Today, it’s the turn of mag. +0.7 Mars to be close to the Moon. Spot the Red Planet and the 43% waning crescent Moon 3.5° apart shortly after rising, low in the southeast just after 03:00 UT.
Catch the 34% waning crescent Moon rising just after 04:00 UT and you should be able to spot mag. +0.9 Saturn a little under 2° below and to the southwest of it.
With no moonlight to interfere, the next few evenings are a great time to take our tricky challenge on page 61. This month we’re looking for the subtle cone-shaped glow known as the Zodiacal Light.
Evening planet Mercury reaches greatest eastern elongation today when it will appear to be separated from the Sun by 18.4°.
With the Moon absent in the night sky, this is a great time to try for our Deep Sky Tour targets listed on page 63. This month, we’re taking a look at objects in the eastern part of Canes Ventatici.
The new Moon makes this a great time to explore the region of sky known as the Realm of Galaxies, lying in the asterism known as the Bowl of Virgo.
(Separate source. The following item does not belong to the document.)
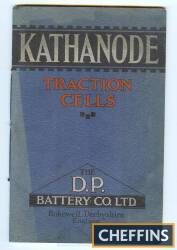 Kathanode Traction Cells catalogue, c1920, contains many photographs of electric powered municipal vehicles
This is where you’ll find the asteroid 18 Melpomene, which you can read about on page 59.
Mag. –3.8 Venus, +0.4 Mercury and a slender 1%-lit waxing crescent Moon form a straight line low in the west after sunset. Venus should be easy to spot: Mercury is 3.8° above and to the right of it, while the Moon is 4.5° below and to the left.
Mars is currently located between the Lagoon Nebula, M8, and the Trifid Nebula, M20. It should be possible to spot this arrangement from around 03:30 UT. Mag. +0.5 Mars will appear low in the southeast at this time.
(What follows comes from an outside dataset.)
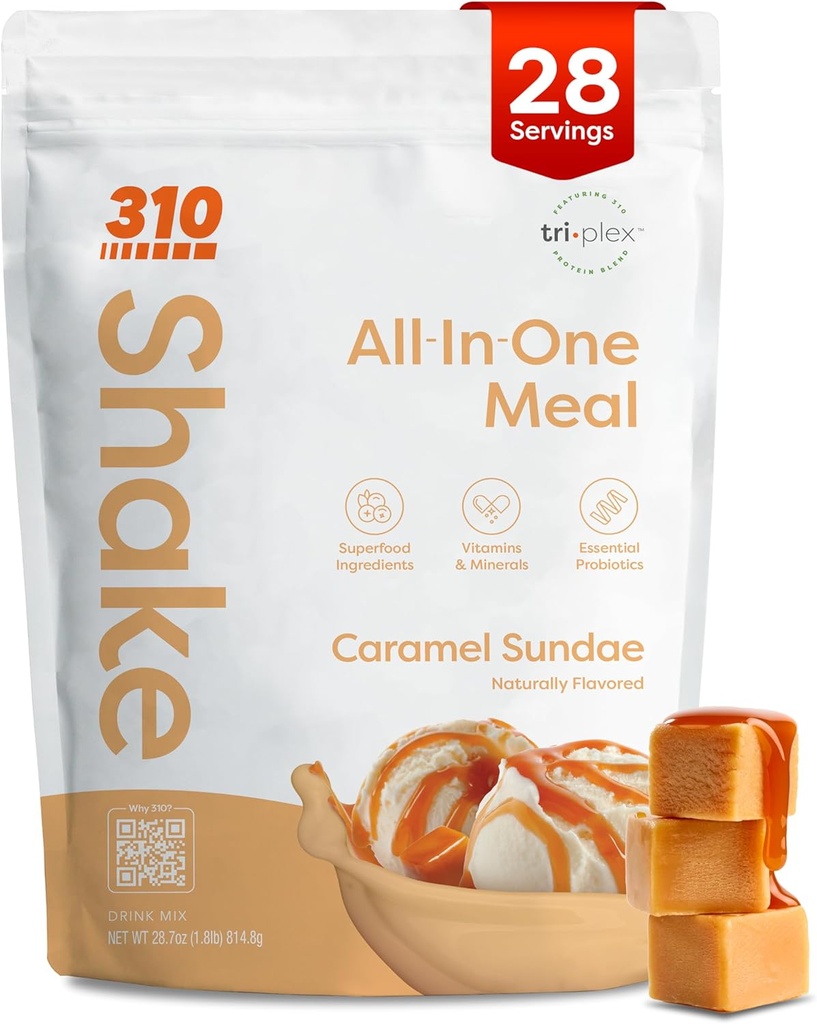 310 Elikadura All-In-One Ordezko Shake Hauts - Landareetan oinarritutako proteina Smoothie nahasketa w/High Fiber, Probiotikoak eta Adaptogens - Behe Carb, Vegan, Keto & Paleo Friendly - Caramel Sundae - 28 Srv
The centre of the Sun crosses the celestial equator at 16:15 UT, passing from the southern to the northern celestial hemisphere. This is a point in time known as the Northern Hemisphere’s spring, or Vernal, equinox.
The 29%-lit Moon moves through the Hyades open cluster after sunset, passing north of the V-shape’s southern arm. Occulted stars include Aldebaran, which vanishes after 23:30 UT and reappears at 00:15 UT on 23 March.
Locate the Moon with a telescope at around 17:00 UT and see if you can spot the ray across the floor of crater Barrow. A daylight sky will make things a little harder, but it should still be possible to see the effect.
At 01:00 UT this morning the clocks go forward by one hour, marking the start of British Summer Time in the UK.
It should be possible to see the clair-obscur effect known as the Jewelled Handle on the Moon this morning. Conditions are ideal around 01:00 BST (00:00 UT). The effect occurs when the tops of the Montes Jura around Sinus Iridum catch the morning Sun.
Like January this year, March has two full Moons and the second occurs today. Although not the original meaning of the term, the second full Moon in a month is known as a Blue Moon.